(My main goal is to be informative and explain the path i have followed. It may have little complicated, But im open to your comments)
Firstly, I decided to build my own basic RISC-V because the processor that gave from the game (Built from scratch on the games route) not enough for me, and we can build anything in this game and i discovered processor types CISC,RISC after than i decided to build basic RISC-V.
Up until that day, i know these concepts:
- Instruction decoder
- Alu
- Branch
- Registers (Immediate, Read types)
but that day i need more realistic CPU design.

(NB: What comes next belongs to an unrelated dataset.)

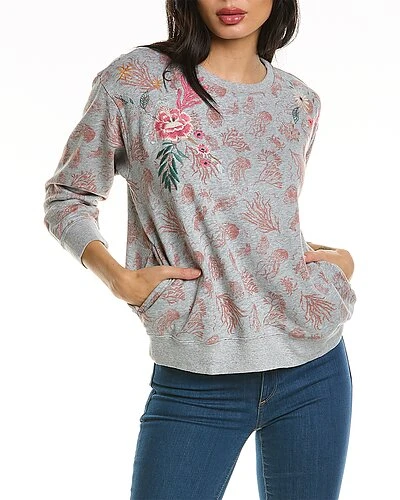 Johnny Was Nautical French Terry Sweatshirt Women 3 Johnny Was Nautical French Terry Sweatshirt Women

Firstly i started from Instruction Types in RISC-V and their alignments.
R-type: register-register
I-type: short immediates and loads
S-type: stores
B-type: conditional branches, a variation of S-type
U-type: long immediates
J-type: unconditional jumps, a variation of U-type
My brain said "im out" i really not understand but im not CPU designer my target is just understand the concept how working.
so i choose only (I,R,J) (enough)
After than i made a Instruction Table
For Read instructions, I decode this alignment structure =
For Immediate instructions, I decode this alignment structure =
And i designed in game with Equal and Constant components (i know its like wire spaghetti)
And i was started to make Register block (This was the hardest part for me)
In Register Block, Firstly i decode the alignment. If the opcode is Immediate type, I move Return Address to Read Address 2 with MUX component.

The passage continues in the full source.